Daisy does that and it drives me crazy!!! We home cook for her so it gets really messy at times!!


----------



## Deborah (Jan 8, 2006)

Rylee eats right out of her bowl. She usually eats when we all sit down to dinner. Marshmallow would take the food out of the bowl take it to the carpet and then eat it.

Rylee always knows when I start making dinner. She will come around and eat spinach, carrots, plain lettuce what ever I am using she needs a taste. I also have to tell her no more when I feel she has had enough extra food.


----------



## luvmyfluffybutt (Jan 6, 2012)

Daisy wants to taste everything too, she has a really bad habit of begging when other people are eating.


----------



## Rocky's Mom (Apr 10, 2010)

Yep don't you wonder why so many do that? :smrofl:


----------



## kodie (Aug 24, 2004)

I wonder if its breed specific that maltese grab a piece of food and take it to bed to where ever else and eat it!? :huh: Both of mine do this also!
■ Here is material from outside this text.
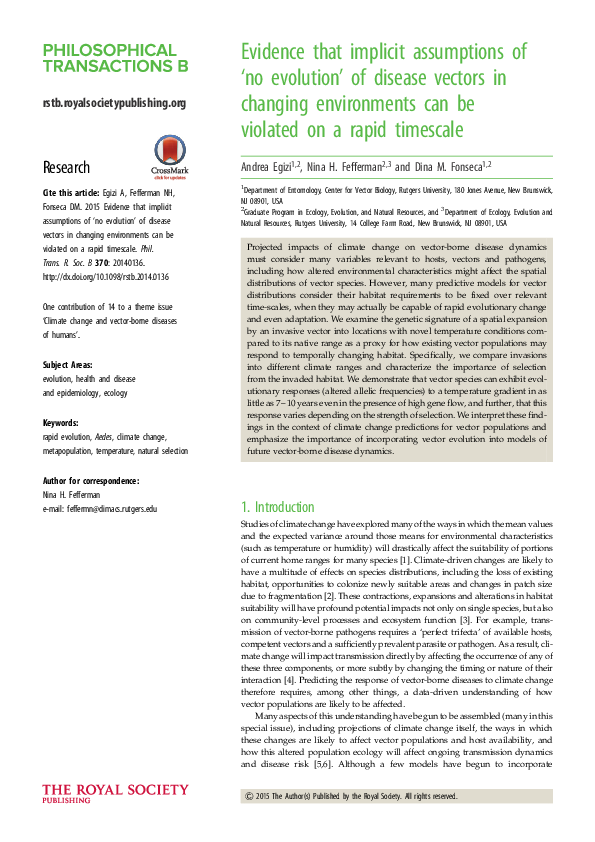(PDF) Evidence that implicit assumptions of 'no evolution' of disease ...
I use a flat dish and an almost flat dish for both my pups for their food... they seem to like it better than a round bowl.
Wetnoz Ultra Line Fat Cat Luxury Stainless Steel Cat Bowl | Designer Cat Bowls | Dog Beds UK


----------



## Lovkins mama (Dec 15, 2011)

Missy Magoo said:


> Glad to hear that my little Missy isn't the only one! I have never had a dog that does something like this! My other dogs food sits out all the time, but Missy won't eat it. She waits until I sprinkle some on my bedroom carpet floor. Our bedroom is her "home". It has her crate, her bed, her toys and she sleeps in our bed every night. Our bedroom was the only room she never had an accident in and is now the only room she will eat it! I tried putting her bowl in our bedroom, but nope! It has to be sprinkled on the floor. If I put a pile of it on the floor, she won't eat it either. It has to be "sprinkled". LOL!


 
My lovkins brings his food where ever I am, and eat one piece at a time. You have some pretty babies there!


----------